Your goal >> The answer must be an exact transcription of every record.

(Collected data)
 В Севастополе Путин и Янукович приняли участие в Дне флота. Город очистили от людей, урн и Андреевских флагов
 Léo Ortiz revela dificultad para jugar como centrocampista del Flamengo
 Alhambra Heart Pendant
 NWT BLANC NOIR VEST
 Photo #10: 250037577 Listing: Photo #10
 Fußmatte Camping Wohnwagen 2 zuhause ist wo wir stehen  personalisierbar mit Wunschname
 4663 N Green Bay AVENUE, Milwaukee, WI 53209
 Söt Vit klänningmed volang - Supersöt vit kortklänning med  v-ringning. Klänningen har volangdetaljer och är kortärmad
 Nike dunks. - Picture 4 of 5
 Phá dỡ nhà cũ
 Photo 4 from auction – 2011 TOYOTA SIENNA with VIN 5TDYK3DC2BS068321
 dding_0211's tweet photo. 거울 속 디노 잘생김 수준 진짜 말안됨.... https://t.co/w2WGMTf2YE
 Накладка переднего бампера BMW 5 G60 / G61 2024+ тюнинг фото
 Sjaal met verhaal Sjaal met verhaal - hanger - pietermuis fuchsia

Reply >>
 В Севастополе Путин и Янукович приняли участие в Дне флота. Город очистили от людей, урн и Андреевских флагов
 Léo Ortiz revela dificultad para jugar como centrocampista del Flamengo
 Alhambra Heart Pendant
 NWT BLANC NOIR VEST
 Photo #10: 250037577 Listing: Photo #10
 Fußmatte Camping Wohnwagen 2 zuhause ist wo wir stehen  personalisierbar mit Wunschname
 4663 N Green Bay AVENUE, Milwaukee, WI 53209
 Söt Vit klänningmed volang - Supersöt vit kortklänning med  v-ringning. Klänningen har volangdetaljer och är kortärmad
 Nike dunks. - Picture 4 of 5
 Phá dỡ nhà cũ
 Photo 4 from auction – 2011 TOYOTA SIENNA with VIN 5TDYK3DC2BS068321
 dding_0211's tweet photo. 거울 속 디노 잘생김 수준 진짜 말안됨.... https://t.co/w2WGMTf2YE
 Накладка переднего бампера BMW 5 G60 / G61 2024+ тюнинг фото
 Sjaal met verhaal Sjaal met verhaal - hanger - pietermuis fuchsia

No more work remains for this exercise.